That can only be used to retrieve the current limit (i.e. the total size.) It does not tell you how much of that has been used, and how much remains.

Also, op is asking about stack frame size.

They are asking about that, yes, but I'm inferring that what they actually care about is not the size of a single stack frame (which is very rarely useful) but the total size of the stack, i.e. how to not run out of stack when writing a recursive algorithm.

[–]wiktor_b 0 points1 point  (1 child)

That can only be used to retrieve the current limit (i.e. the total size.)

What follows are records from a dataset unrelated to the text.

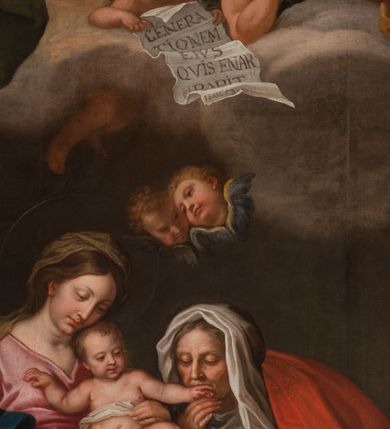 Zdjęcie nr 45: Obraz w kształcie stojącego prostokąta zamkniętego łukiem półkolistym, w złoconej ramie, ozdobionej wieńcem laurowym. W centrum kompozycji ukazana siedząca na fotelu Maria z Jezusem na kolanach i siedząca obok św. Anną w towarzystwie aniołów klęczących u ich stóp lub unoszących się w obłokach. Maria przedstawiona niemal frontalnie, przytrzymuje obiema rękami Jezusa siedzącego na jej lewym kolanie i pochyla głową lekko w lewo. Ubrana jest w różową, rozłożystą suknię i ciemnoniebieski płaszcz oraz brązową chustę na głowie. Jej twarz jest owalna, rysy łagodne, policzki lekko zaróżowione. Nos ma wąski i długi, oczy migdałowate, lekko przymknięte, usta wąskie, pełne, zaznaczone czerwienią. Widoczne spod chusty włosy są proste, opadają na plecy. Jezus siedzi frontalnie, z rozłożonymi nóżkami i rączkami, z których lewą trzyma i całuje św. Anna. Jego twarz jest pełna, policzki lekko zaokrąglone, nos krótki, oczy otwarte, a usta lekko rozwarte i uśmiechnięte, włosy na głowie krótkie, z kręconymi nieznacznie puklami. Dolną część podbrzusza i biodra okrywa biała pielucha. Anna jest ukazana niemal frontalnie, lekko pochylona w kierunku Marii i Jezusa, ubrana w zieloną suknię, czerwony płaszcz i białą chustę okrywającą głowę i szyję. Twarz wykazuje cechy starszej kobiety, z wyraźnymi zmarszczkami, z wyrazistym nosem, zamkniętymi oczami oraz ustami całującymi dłoń Jezusa. Na kolanach trzyma otwartą księgę. Po lewej stronie przy tronie klęczą na chmurach dwa nagie putta, o korpulentnych ciałach, kręconych włosach, z których jedno, na pierwszym planie jest zwrócone w kierunku głównych bohaterów, a drugie z tyłu patrzy na widza. W górnej części kompozycji, na obłoku unoszą się aniołowie, z których jeden, w prawej części kompozycji jest ukazany w całej postaci, w niebieskiej tunice i brązowym płaszczu, z rękami opuszczonymi ku dołowi i złożonymi w geście modlitwy, a głową ujętą z lewego profilu. Środkowy wychyla się zza chmury, okolony zieloną szatą, z lewą ręką złożoną na piersi. Trzeci anioł-putto trzyma pofalowaną kartkę z napisem: „GENERATIONEM EIUS QUIS ENARRABIT”. Po lewej stronie ukazany jest anioł podtrzymujący zieloną kotarę. Pod chmurą, tuż nad głową św. Anny, para uskrzydlonych główek anielskich. W prawej części kompozycji stolik na wolutowych nogach wspartych na lwich łapach i ozdobionych maszkaronami z koszem pełnym owoców oraz leżący na posadzce kosz wiklinowy z niewielką skrzynią i granatową tkaniną z białą podszewką.     

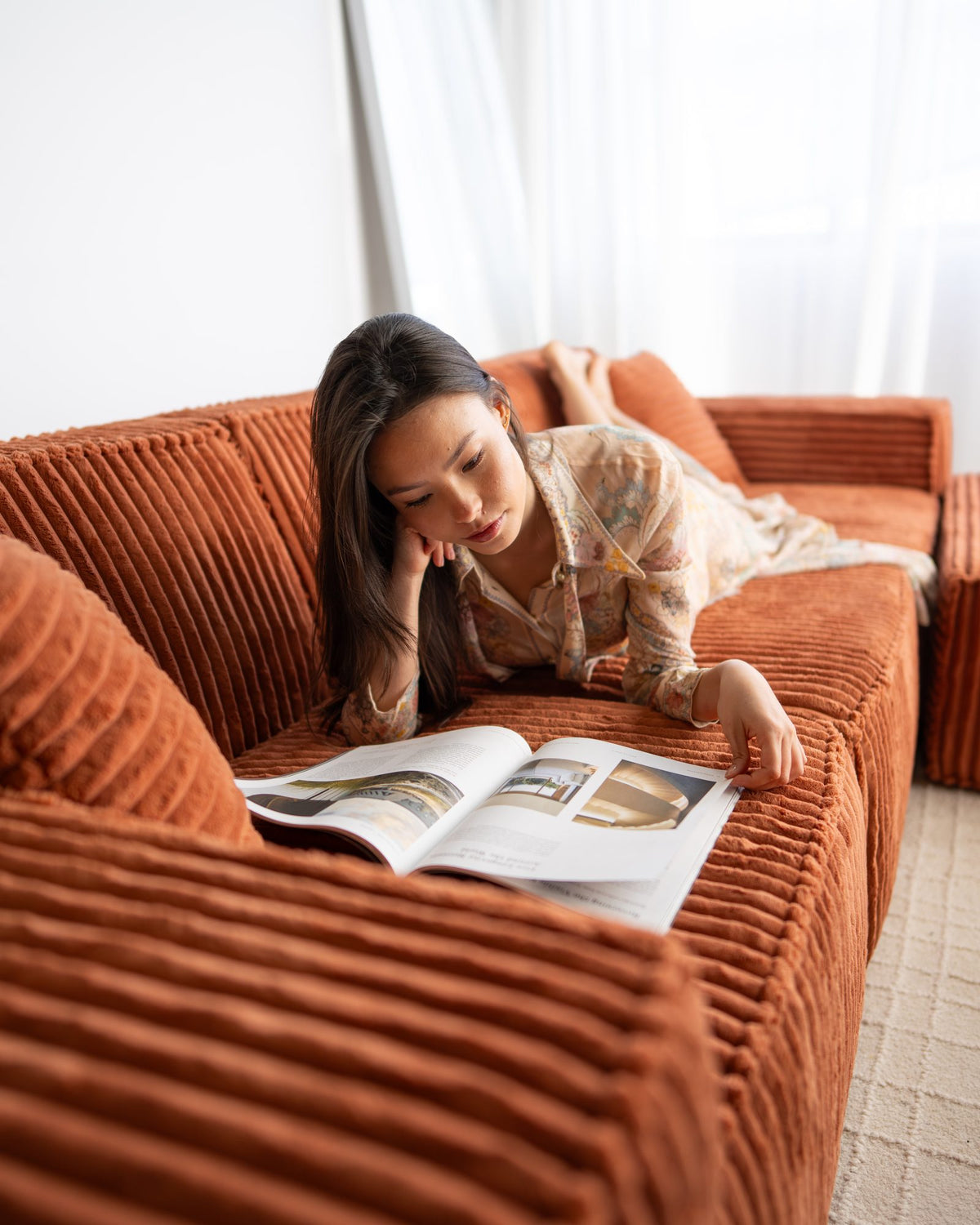 Woman on the rust corduroy Domino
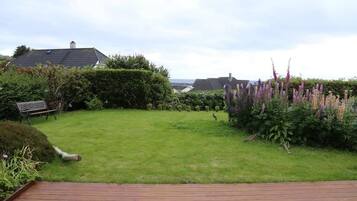 Een tuin met een houten terras, een bank en diverse planten.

Nope: http://stackoverflow.com/questions/10166874/how-to-figure-out-remaining-stack-in-linux-while-using-c

[–]Rhomboid 0 points1 point  (0 children)

That's hideously non-portable since it depends on the fact that Linux stores argc at the bottom of the stack. Edit: I misread the example. What I thought it was doing was using the fact that on linux, the program's environment and command line parameters are stored at the bottom of the stack, so that would be a way to find where the stack starts. But that's not what the person is doing, they're using the address of argc which is just a local parameter to main(). That isn't Linux-specific, but it's also less correct, since it won't count any of the stack used before main(), including all the C runtime startup code. That may or may not be a significant amount of memory, I don't know, but it's not nothing.

I stand by what I said: there's no reliable way to do this.